◆ **YOUR GOAL**
All that should come back is the lines of the data below from the one containing "A GLASS GALILEO THERMOMETER, 34 CMS." to the one containing "Compact bathroom featuring", inclusive, exactly as they stand.

##### PROVIDED ENTRIES

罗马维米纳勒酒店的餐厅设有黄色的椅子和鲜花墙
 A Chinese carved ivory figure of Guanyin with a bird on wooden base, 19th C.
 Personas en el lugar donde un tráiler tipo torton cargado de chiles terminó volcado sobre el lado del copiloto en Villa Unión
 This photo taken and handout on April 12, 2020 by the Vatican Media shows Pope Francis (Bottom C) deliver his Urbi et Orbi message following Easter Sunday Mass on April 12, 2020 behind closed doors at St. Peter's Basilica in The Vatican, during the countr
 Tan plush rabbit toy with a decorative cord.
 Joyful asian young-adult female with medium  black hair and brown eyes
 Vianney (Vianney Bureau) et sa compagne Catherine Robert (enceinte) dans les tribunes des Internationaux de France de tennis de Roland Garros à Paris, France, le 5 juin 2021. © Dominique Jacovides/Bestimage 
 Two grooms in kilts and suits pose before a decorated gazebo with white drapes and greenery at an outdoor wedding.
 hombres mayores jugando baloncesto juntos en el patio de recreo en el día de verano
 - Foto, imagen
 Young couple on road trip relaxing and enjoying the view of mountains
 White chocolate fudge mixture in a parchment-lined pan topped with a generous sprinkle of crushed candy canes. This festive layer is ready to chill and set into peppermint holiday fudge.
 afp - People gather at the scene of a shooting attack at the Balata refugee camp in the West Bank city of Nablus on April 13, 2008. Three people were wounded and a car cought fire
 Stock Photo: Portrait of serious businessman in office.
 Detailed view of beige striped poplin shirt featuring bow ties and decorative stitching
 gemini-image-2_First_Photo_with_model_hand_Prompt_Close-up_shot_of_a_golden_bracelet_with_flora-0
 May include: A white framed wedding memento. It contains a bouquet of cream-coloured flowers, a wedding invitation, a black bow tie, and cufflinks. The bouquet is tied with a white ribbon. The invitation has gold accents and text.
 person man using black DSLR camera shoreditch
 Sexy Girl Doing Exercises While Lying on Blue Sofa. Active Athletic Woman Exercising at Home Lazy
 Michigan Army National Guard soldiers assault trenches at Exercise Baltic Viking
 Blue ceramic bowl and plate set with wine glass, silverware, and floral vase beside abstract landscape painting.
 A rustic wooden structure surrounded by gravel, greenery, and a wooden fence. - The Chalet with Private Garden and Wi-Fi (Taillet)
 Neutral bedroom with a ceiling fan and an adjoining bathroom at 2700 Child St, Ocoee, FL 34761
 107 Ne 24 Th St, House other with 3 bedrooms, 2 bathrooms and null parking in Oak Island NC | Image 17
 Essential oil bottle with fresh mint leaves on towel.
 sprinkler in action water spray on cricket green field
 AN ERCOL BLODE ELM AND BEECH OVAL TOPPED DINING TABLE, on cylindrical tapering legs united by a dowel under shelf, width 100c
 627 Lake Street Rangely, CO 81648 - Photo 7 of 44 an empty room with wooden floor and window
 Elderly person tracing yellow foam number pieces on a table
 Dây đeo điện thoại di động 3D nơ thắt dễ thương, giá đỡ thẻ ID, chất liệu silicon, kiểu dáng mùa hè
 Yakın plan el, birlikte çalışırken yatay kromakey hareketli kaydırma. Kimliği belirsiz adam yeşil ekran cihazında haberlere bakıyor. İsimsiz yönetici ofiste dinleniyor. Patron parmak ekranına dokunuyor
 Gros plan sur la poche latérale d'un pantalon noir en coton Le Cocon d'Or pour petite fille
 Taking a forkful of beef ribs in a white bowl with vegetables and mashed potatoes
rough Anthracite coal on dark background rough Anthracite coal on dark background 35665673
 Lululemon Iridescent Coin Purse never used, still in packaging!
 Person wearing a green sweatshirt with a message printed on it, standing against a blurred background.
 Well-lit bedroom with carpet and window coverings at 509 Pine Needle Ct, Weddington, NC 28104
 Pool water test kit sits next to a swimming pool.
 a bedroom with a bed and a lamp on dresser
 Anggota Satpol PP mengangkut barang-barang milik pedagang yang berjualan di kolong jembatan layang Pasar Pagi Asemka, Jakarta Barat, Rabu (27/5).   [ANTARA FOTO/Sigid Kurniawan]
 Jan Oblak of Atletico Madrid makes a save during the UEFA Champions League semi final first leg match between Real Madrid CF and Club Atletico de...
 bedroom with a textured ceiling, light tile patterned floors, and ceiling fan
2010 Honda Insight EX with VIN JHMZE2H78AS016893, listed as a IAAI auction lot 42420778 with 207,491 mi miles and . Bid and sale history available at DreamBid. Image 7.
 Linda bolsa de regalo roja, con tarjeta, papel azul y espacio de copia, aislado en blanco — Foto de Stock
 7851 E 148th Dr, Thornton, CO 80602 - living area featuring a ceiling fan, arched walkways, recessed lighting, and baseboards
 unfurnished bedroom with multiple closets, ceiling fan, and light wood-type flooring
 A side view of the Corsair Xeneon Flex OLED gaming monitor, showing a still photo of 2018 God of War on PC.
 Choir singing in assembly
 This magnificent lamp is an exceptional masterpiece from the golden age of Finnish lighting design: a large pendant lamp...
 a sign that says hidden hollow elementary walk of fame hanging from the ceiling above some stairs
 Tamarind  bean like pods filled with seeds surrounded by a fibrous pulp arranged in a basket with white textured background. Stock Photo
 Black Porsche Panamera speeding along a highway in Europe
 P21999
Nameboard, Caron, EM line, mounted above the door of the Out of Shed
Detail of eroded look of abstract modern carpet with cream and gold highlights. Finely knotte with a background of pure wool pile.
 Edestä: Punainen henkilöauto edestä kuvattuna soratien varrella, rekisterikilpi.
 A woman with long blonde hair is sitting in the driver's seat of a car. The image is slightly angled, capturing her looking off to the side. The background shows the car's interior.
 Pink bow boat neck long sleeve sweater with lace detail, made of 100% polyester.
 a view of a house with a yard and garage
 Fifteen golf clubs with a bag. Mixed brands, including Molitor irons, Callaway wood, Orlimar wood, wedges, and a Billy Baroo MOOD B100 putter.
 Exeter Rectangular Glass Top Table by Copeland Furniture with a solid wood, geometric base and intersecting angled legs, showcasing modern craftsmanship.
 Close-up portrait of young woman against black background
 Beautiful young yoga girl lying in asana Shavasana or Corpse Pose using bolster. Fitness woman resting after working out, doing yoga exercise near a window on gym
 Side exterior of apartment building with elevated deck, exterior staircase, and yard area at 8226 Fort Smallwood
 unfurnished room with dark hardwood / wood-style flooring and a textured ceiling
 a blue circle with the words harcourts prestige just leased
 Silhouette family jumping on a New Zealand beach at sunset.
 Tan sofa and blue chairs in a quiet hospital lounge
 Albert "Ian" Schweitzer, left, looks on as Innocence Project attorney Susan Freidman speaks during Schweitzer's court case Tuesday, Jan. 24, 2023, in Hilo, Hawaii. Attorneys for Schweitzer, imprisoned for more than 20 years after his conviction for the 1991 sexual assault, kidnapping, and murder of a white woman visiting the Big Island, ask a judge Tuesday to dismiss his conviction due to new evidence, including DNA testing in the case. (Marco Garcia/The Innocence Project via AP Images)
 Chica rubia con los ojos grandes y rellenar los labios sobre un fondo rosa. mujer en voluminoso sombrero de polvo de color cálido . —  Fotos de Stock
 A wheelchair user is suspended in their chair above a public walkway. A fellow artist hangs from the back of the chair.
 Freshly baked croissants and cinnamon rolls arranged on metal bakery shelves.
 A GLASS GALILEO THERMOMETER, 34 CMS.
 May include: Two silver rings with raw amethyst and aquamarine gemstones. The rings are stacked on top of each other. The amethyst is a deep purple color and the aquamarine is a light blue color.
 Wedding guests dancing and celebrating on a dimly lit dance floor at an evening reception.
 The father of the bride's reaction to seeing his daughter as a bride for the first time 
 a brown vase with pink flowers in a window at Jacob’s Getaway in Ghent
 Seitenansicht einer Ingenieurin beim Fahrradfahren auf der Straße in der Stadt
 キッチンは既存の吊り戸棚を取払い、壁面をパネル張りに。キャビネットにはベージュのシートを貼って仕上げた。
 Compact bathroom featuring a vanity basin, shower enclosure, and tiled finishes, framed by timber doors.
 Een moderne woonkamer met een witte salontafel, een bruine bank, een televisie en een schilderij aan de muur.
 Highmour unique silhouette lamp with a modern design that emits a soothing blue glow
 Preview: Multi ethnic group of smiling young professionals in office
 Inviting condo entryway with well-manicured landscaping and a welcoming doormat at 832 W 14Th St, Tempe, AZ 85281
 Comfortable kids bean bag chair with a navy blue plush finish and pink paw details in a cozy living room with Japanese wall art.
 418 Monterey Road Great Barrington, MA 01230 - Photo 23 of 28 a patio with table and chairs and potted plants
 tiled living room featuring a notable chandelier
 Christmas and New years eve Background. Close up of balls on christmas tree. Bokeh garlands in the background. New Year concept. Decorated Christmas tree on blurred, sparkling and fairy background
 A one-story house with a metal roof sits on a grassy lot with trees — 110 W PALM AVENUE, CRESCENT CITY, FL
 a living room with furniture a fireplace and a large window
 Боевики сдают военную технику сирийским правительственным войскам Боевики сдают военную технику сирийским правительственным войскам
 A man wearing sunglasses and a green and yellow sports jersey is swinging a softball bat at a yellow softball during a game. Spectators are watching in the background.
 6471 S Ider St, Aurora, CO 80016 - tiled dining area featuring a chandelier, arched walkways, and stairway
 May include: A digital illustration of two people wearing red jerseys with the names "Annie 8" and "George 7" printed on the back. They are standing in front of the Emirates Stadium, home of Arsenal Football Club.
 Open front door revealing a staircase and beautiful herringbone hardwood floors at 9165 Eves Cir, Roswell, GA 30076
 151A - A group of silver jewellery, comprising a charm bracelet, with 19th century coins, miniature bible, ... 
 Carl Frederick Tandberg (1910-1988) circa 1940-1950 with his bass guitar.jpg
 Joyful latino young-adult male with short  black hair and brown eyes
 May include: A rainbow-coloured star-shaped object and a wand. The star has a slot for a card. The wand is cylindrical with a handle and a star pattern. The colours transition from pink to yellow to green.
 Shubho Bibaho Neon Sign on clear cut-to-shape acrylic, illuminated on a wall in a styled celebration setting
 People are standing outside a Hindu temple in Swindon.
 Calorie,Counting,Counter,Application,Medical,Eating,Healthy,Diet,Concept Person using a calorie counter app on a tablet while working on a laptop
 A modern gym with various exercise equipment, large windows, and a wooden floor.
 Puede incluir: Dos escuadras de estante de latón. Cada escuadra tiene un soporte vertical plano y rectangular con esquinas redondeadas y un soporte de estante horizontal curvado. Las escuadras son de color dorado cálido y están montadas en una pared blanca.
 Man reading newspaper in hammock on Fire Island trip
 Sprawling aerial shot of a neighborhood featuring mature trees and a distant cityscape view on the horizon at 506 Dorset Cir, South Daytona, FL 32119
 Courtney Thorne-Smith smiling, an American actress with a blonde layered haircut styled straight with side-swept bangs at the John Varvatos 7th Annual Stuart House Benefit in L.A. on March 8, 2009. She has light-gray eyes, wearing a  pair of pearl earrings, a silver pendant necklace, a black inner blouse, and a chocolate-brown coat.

##########

◆ **ANSWER SPACE**
 A GLASS GALILEO THERMOMETER, 34 CMS.
 May include: Two silver rings with raw amethyst and aquamarine gemstones. The rings are stacked on top of each other. The amethyst is a deep purple color and the aquamarine is a light blue color.
 Wedding guests dancing and celebrating on a dimly lit dance floor at an evening reception.
 The father of the bride's reaction to seeing his daughter as a bride for the first time 
 a brown vase with pink flowers in a window at Jacob’s Getaway in Ghent
 Seitenansicht einer Ingenieurin beim Fahrradfahren auf der Straße in der Stadt
 キッチンは既存の吊り戸棚を取払い、壁面をパネル張りに。キャビネットにはベージュのシートを貼って仕上げた。
 Compact bathroom featuring a vanity basin, shower enclosure, and tiled finishes, framed by timber doors.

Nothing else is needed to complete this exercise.